À cet égard, le dispositif « engagement maternité » avait justement pour objectif d’organiser des schémas territoriaux de prise en charge pour les parturientes qui résident à plus de quarante-cinq minutes d’une maternité. Il donnait également accès aux remboursements de prestations de transport ou à une prestation d’hébergement en hôtels hospitaliers, dont on connaît le faible développement. Il permettait aussi de définir dans chaque territoire les schémas d’accès aux soins de prévention, les prises en charge pré et post-partum, la permanence des soins périnataux et les mécanismes de prise en charge des urgences. En somme, il traçait des parcours lisibles pour les femmes.

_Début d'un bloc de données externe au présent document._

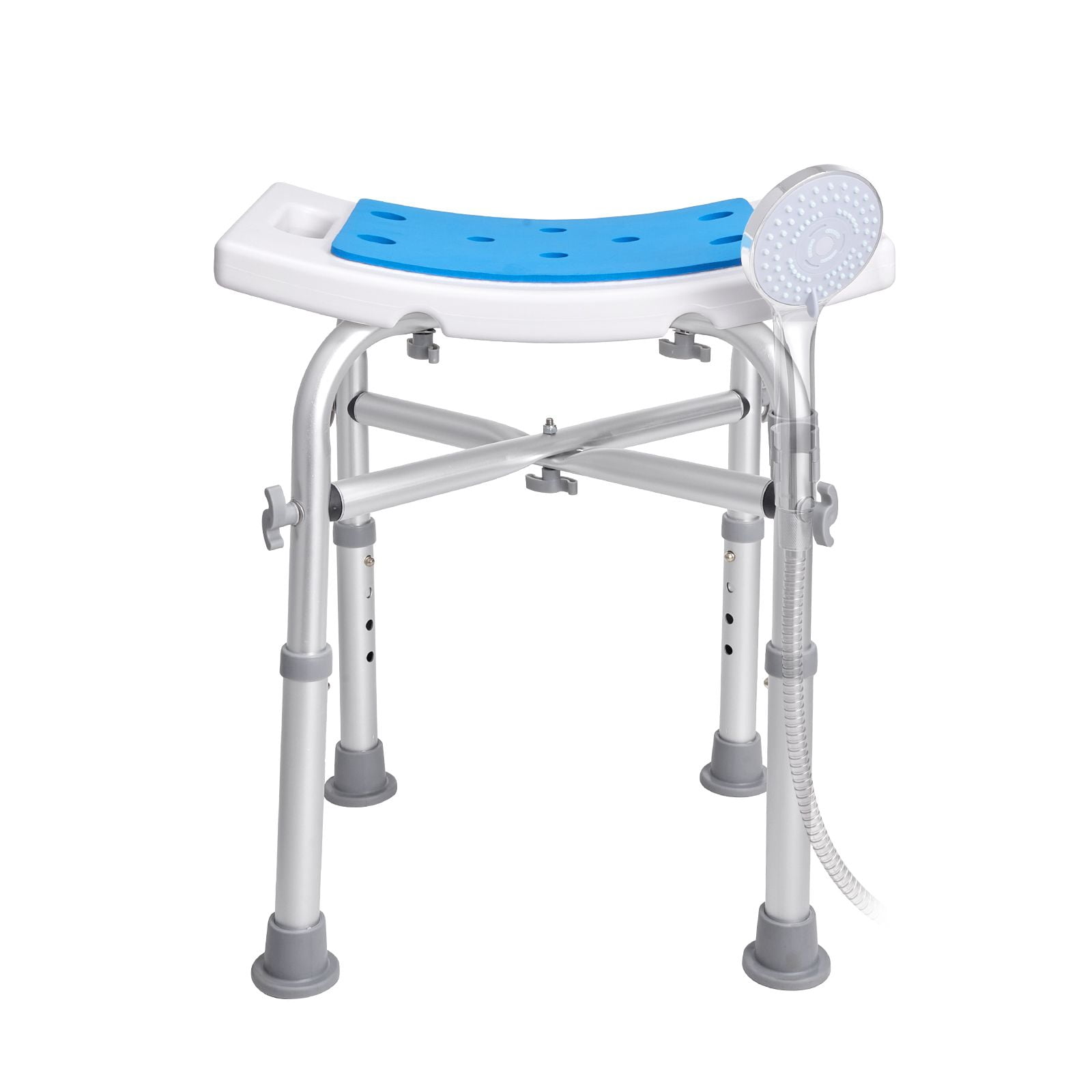 Shower Stool with Adjustable Height, 500 lbs Capacity, PE + Aluminum Alloy, 4 Non-Slip Pads, Tool-Free Assembly, for Seniors, Disabled, Pregnant Women & Post-Surgery Patients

Pourquoi ce dispositif si essentiel reste-t-il encore limité à certains territoires ?
Ce n’est pas entendable. C’est la raison pour laquelle l’amendement que nous présentons vise à demander une étude sur la faisabilité de l’extension de l’« engagement maternité » à l’ensemble du territoire et à prévoir son financement par une dotation populationnelle afin de répondre aux besoins des populations.
Mme la présidente. Quel est l’avis de la commission ?
Mme Corinne Imbert, rapporteure. L’« engagement maternité », annoncé par la ministre Agnès Buzyn en 2019, s’était traduit par quelques dispositions dans la loi de financement de la sécurité sociale pour 2020. Nous avions ainsi voté en faveur d’une mesure facilitant l’accès aux soins pour les femmes enceintes les plus éloignées des maternités, grâce à une prestation d’hébergement temporaire non médicalisé ou à une prise en charge des frais de transport. Ces dispositions étaient toutefois insuffisantes pour pallier la désertification obstétricale engendrée par la fermeture des maternités : entre 1996 et 2016, le nombre de maternités a diminué de 39 % en France.
Je souscris à votre intention d’améliorer l’accès aux maternités sur le territoire. Cependant, conformément à la doctrine de la commission des affaires sociales, nous suggérons le retrait de cette demande de rapport. À défaut, l’avis sera défavorable.